(Captioned web image data)

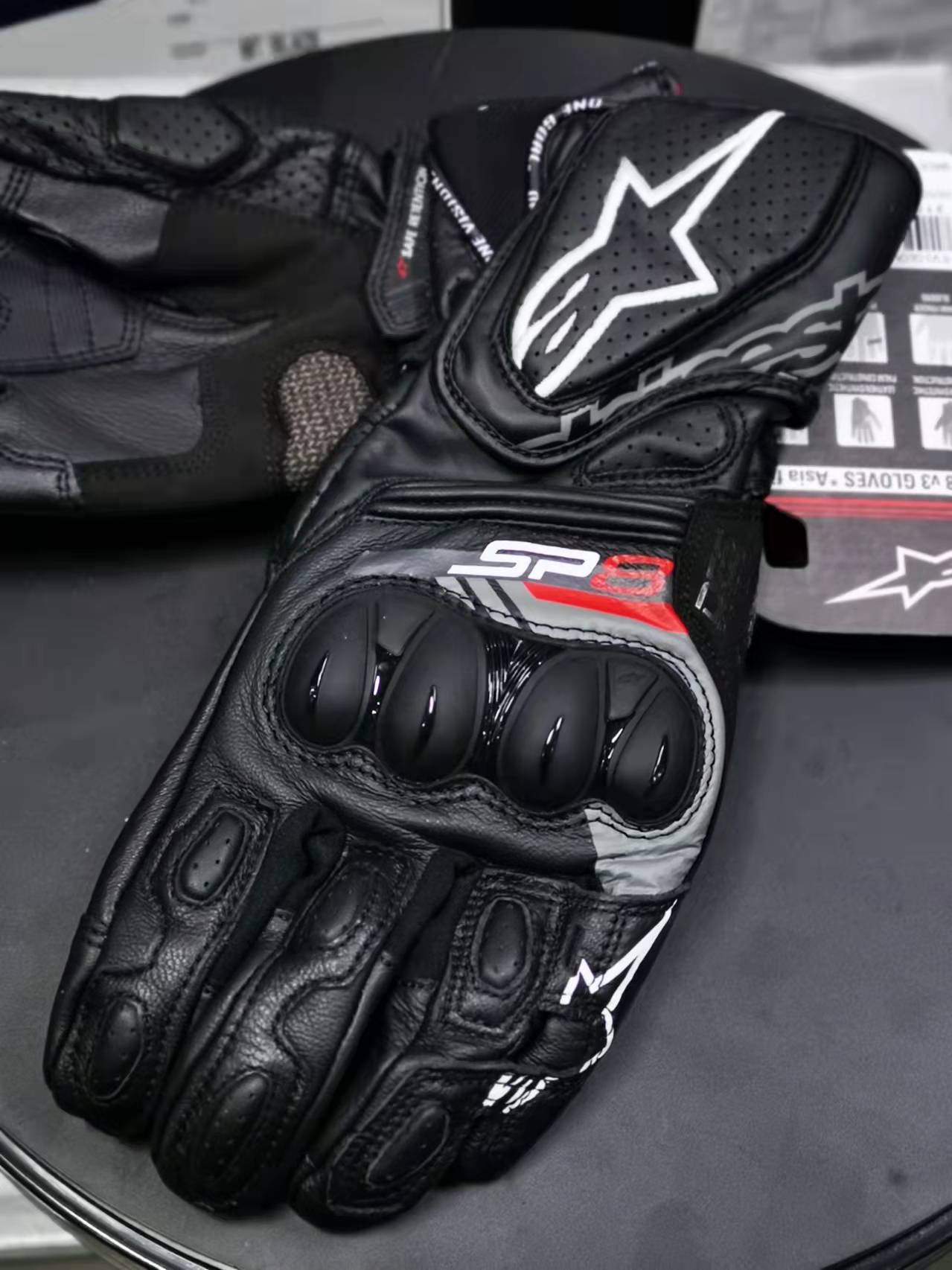 A星 ALPINESTARS SP8 V3男女四季摩托车通勤防护骑行触屏手套-图2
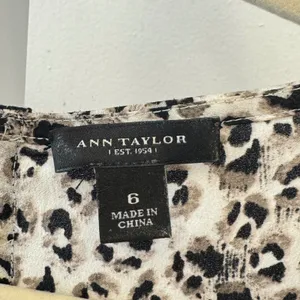 Ann Taylor Leopard Print Puff Shoulder Back Zip Blouse Top Tan Black Size 6 thumbnail 6
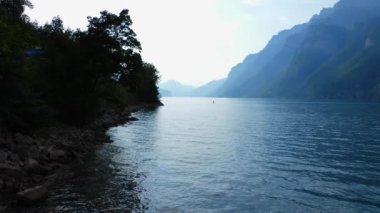 İsviçre Alpleri 'nde güzel bir göl. İsviçre' nin inanılmaz doğası. 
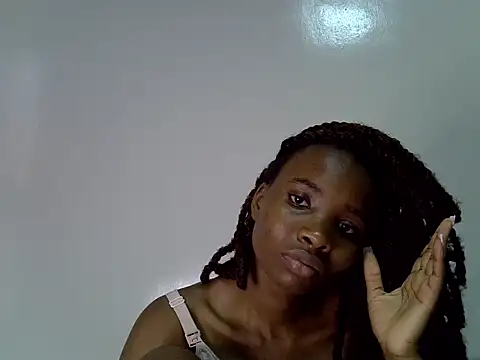 Snapshot of lee_shaz chatting on June 2026 07:35:01 AM lee shaz online show from June 2026 07:35:01 AM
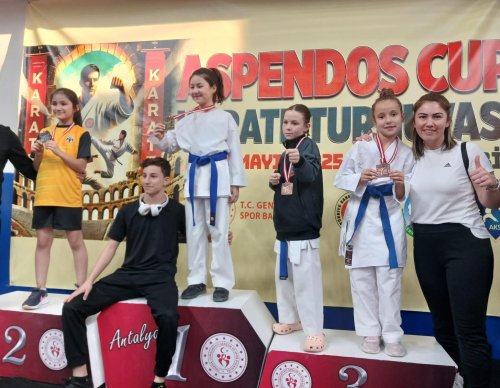 aliagali-karateciler-aspendos-cup-karate-turnavasinda-1.jpeg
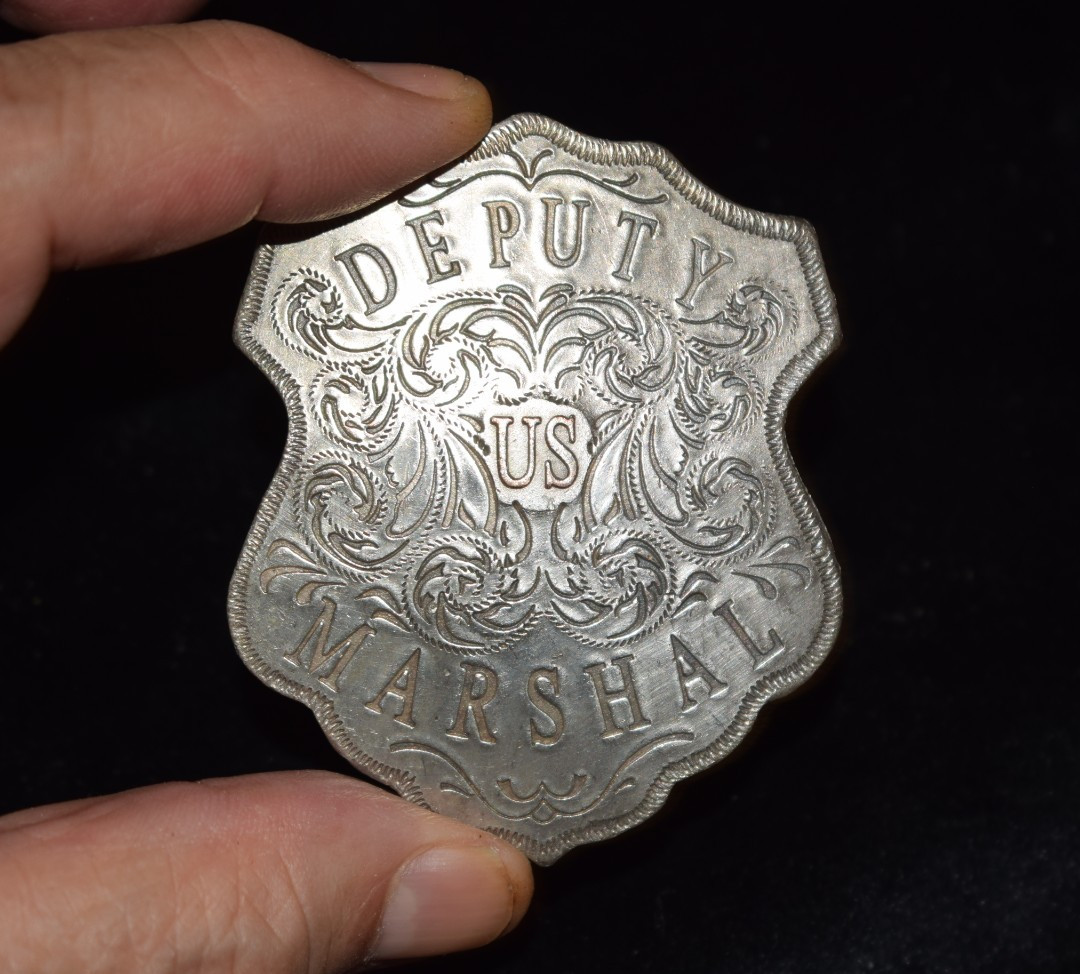 🧐👉Beautiful 19th century obsolete DEPUTY US MARSHAL BADGE ornate lettering 🧐👉Beautiful 19th century obsolete DEPUTY US MARSHAL BADGE ornate lettering
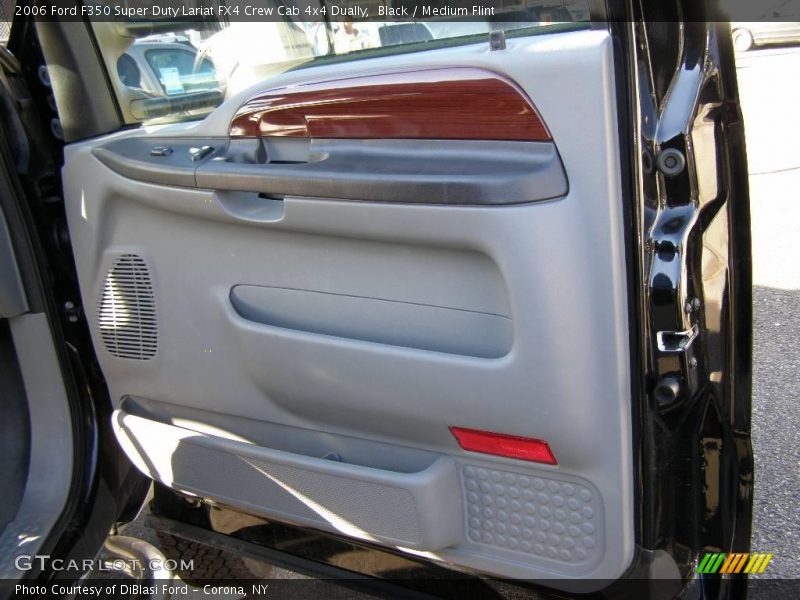 Black / Medium Flint 2006 Ford F350 Super Duty Lariat FX4 Crew Cab 4x4 Dually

What the task asks: Write out all of the data above exactly, without any of its pictures.

Solution to this task:
 A星 ALPINESTARS SP8 V3男女四季摩托车通勤防护骑行触屏手套-图2
 Ann Taylor Leopard Print Puff Shoulder Back Zip Blouse Top Tan Black Size 6 thumbnail 6
 İsviçre Alpleri 'nde güzel bir göl. İsviçre' nin inanılmaz doğası. 
 Snapshot of lee_shaz chatting on June 2026 07:35:01 AM lee shaz online show from June 2026 07:35:01 AM
 aliagali-karateciler-aspendos-cup-karate-turnavasinda-1.jpeg
 🧐👉Beautiful 19th century obsolete DEPUTY US MARSHAL BADGE ornate lettering 🧐👉Beautiful 19th century obsolete DEPUTY US MARSHAL BADGE ornate lettering
 Black / Medium Flint 2006 Ford F350 Super Duty Lariat FX4 Crew Cab 4x4 Dually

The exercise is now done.